Type: Array or String

A list of fields to include in the documents returned. For example, you could pass 'id' to only return the matching document id's. See Elasticsearch Fields.

// Query Options.
{
  fields: ['name', 'age']
}

// Chained Query.
.find()
.fields(['name', 'age'])
.then(...)
sort

Type: Array or String

A list of fields to sort on. If multiple fields are passed then they are executed in order. Adding a '-' sign to the start of the field name makes it sort descending. Default is ascending. See Elasticsearch Sort.

Example:

// Query Options.
{
  sort: ['name', 'createdOn']
}

// Chained Query.
.find()
.sort(['name', 'createdOn'])
.then(...)
q

Type: String

A string to search all document fields with using Elasticsearch QueryStringQuery. This can be expensive, so use it sparingly.

Example:

// Query Options.
{
  q: 'Red dog run'
}

// Chained Query.
.find('Red dog run')
.then(...)
must

Type: Object

Key value pairs to match documents against. Essentially it's the same as first argument passed to Mongoose .find(). This is also an alias to the first argument passed to .find() in this library. This is a 'must' Bool Filter.

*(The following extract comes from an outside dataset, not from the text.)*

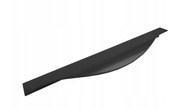 Okrajová rukoväť GAMET UA110 L-346 mm, matná čierna Okrajová rukoväť GAMET UA110 L-346 mm, matná čierna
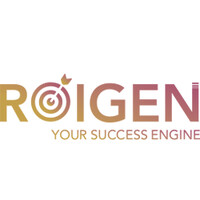 ROIGEN logo - Similar company to Digiooze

Elasticsearches internal Tokenizers are used, and fields are analyzed.

You can query nested fields using dot notation.

Example:

// Query Options.
{
  must: {
    name: 'Jim',
    'location.country': 'Canada'
  }
}

// Chained Query.
.find()
.must({name: 'Jim', 'location.country': 'Canada'})
.then(...)
not

Type: Object

The same as must, but matches documents where the key value pairs DON'T match. This is a 'must_not' Bool Filter query.

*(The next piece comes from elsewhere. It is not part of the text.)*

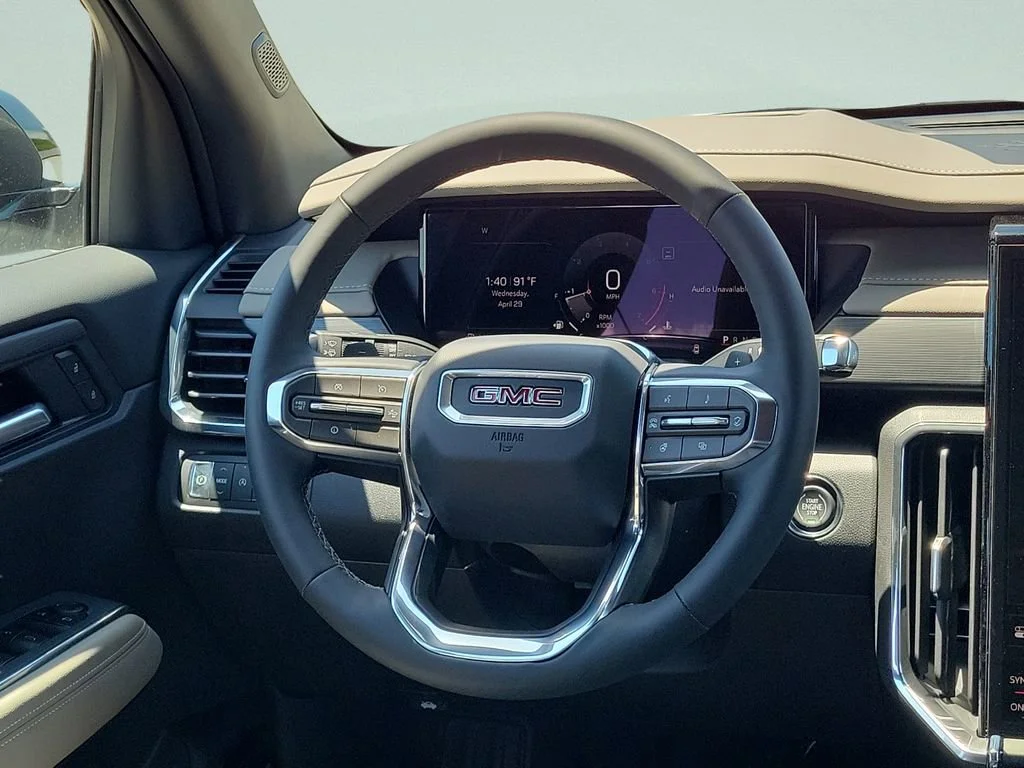 New 2026 Summit White GMC Elevation image 12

You can query nested fields using dot notation.

Example:

// Query Options.
{
  not: {
    name: 'Jim',
    'location.country': 'Canada'
  }
}

// Chained Query.
.find()
.not({name: 'Jim', 'location.country': 'Canada'})
.then(...)
missing

Type: Array or String

A single field name, or array of field names. Matches documents where these field names are missing. A field is considered mising, when it is null, empty, or does not exist. See [MissingFilter] (https://www.elastic.co/guide/en/elasticsearch/reference/current/query-dsl-missing-filter.html).

Example:

// Query Options.
{
  missing: ['description', 'name']
}

// Chained Query.
.find()
.missing(['description', 'name'])
.then(...)
exists

Type: Array or String

A single field name, or array of field names. Matches documents where these field names exists. The opposite of missing.

Example:

// Query Options.
{
  exists: ['description', 'name']
}

// Chained Query.
.find()
.exists(['description', 'name'])
.then(...)

Schemas

Models don't require schemas, but it's best to use them - especially if you'll be making search queries. Elasticsearch-odm will generate and update Elasticsearch with the proper mappings based off your schema definition. The schemas are similar to Mongoose, but several new field types have been added which Elasticsearch supports. These are; float, double, long, short, byte, binary, geo_point. Generally for numbers, only the Number type is needed (which converts to Elasticsearch integer). You can read more about Elasticsearch types here.

NOTE

  • Types can be defined in several ways. The regular mongoose types exist, or you can use the actual type names Elasticsearch uses.
  • You can also add any of the field options you see for Elasticsearch Core Types
  • String types will default to "index": "not_analyzed". See Custom Field Mappings. This is so the .find() call acts like it does in Mongoose by only fidning exact matches, however, this prevents the ability to do full text search on this field. Simply set {"index":"analyzed"} if you'd like full text search instead.

Example:

// Before saving a document with this schema, your Elasticsearch
// mappings will automatically be updated.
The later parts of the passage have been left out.